Learn R Programming

paleotree (version 2.5)

graptDisparity: Morphlogical Character and Range Data for late Ordovician and Early Silurian Graptoloidea

Description

This dataset contains a morphological character matrix (containing both a set of 45 discrete characters, and 4 continuous characters coded as minimum and maximum range values), along with biostratigraphic range data for 183 graptoloid species-level taxa from Bapst et al. (2012, PNAS). Also includes a pre-calculated distance matrix based on the character matrix, using the algorithm applied by Bapst et al (2012). Interval dates for biostratigraphic zones is taken from Sadler et al. 2011.

Arguments

source

Source for stratigraphic ranges and character data: Bapst, D. W., P. C. Bullock, M. J. Melchin, H. D. Sheets, and C. E. Mitchell. 2012. Graptoloid diversity and disparity became decoupled during the Ordovician mass extinction. Proceedings of the National Academy of Sciences 109(9):3428-3433. Source for interval dates for graptolite zones: Sadler, P. M., R. A. Cooper, and M. Melchin. 2009. High-resolution, early Paleozoic (Ordovician-Silurian) time scales. Geological Society of America Bulletin 121(5-6):887-906.

Details

The character matrix contains characters of two differing types with a (very) small but non-neglible amount of missing character data for some taxa. This required the use of an unconventional ad hoc distance metric for the published analysis, resulting in a (very slightly) non-Euclidean distance matrix. This breaks some assumptions of some statistical analyses or requires special corrections, such as with PCO. Note that taxonomic data were collected only for species present within an interval defined by the base of the Uncinatus biozone (~448.57 Ma) to the end of the cyphus biozone (~439.37 Ma). Many taxa have first and last appearance dates listed in graptRanges which are outside of this interval (see examples).

See Also

For more example graptolite datasets, see retiolitinae This data was added mainly to provide an example dataset for nearestNeighborDist

Examples

Run this code
#load data
data(graptDisparity)

#separate out two components of character matrix

#45 discrete characters
discChar <- graptCharMatrix[,1:45]

#min ranges for 4 continuous characters
cMinChar <- graptCharMatrix[,c(46,48,50,52)]
#max ranges for 4 continuous characters
cMaxChar <- graptCharMatrix[,c(47,49,51,53)]

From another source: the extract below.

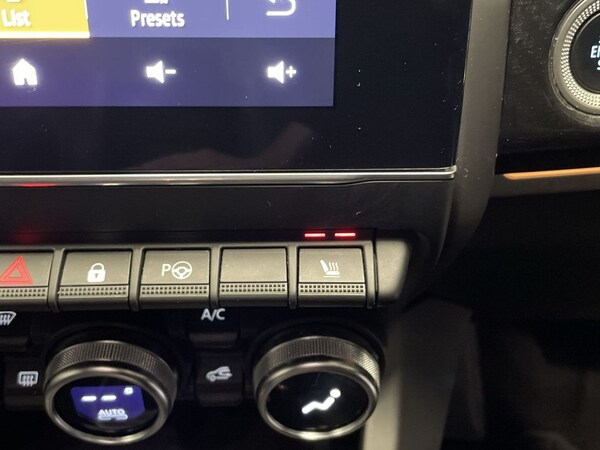 Used Renault Arkana 2022 for sale - 75704047: Photo 23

#group (clade/paraclade) coding
groupID <- graptCharMatrix[,54]

#number of species
nspec <- nrow(graptCharMatrix)

#some plotting information from Bapst et al.'s plotting scripts
grpLabel <- c("Normalo.","Monogr.","Climaco.",
		"Dicrano.","Lasiogr.","Diplogr.","Retiol.")
grpColor <- c("red","purple",colors()[257],colors()[614],
		colors()[124],"blue",colors()[556])

##########

#plot diversity curve of taxa
taxicDivDisc(graptRanges)

#but the actual study interval for the data is much smaller
abline(v=448.57,lwd=3) #start of study interval
abline(v=439.37,lwd=3) #end of study interval

#plot diversity curve just for study interval
taxicDivDisc(graptRanges, timelims=c(448.57,439.37))

############

#distance matrix is given as graptDistMat
   #to calculate yourself, see code below in DoNotRun section

#now, is the diagonal zero? (it should be)
all(diag(graptDistMat)==0)

#now, is the matrix symmetric? (it should be)
isSymmetric(graptDistMat)

#can apply cluster analysis
clustRes <- hclust(as.dist(graptDistMat))
plot(clustRes,labels=FALSE)

#use ape to plot with colors at the tips
dev.new(width=15) 	# for a prettier plot
plot.phylo(as.phylo(clustRes),show.tip.label=FALSE,
		no.margin=TRUE,direction="upwards")
tiplabels(pch=16,col=grpColor[groupID+1])
legend("bottomright",legend=grpLabel,col=grpColor,pch=16)
dev.set(2)

#can apply PCO (use lingoes correction to account for negative values
   #resulting from non-euclidean matrix
pco_res <- pcoa(graptDistMat,correction="lingoes")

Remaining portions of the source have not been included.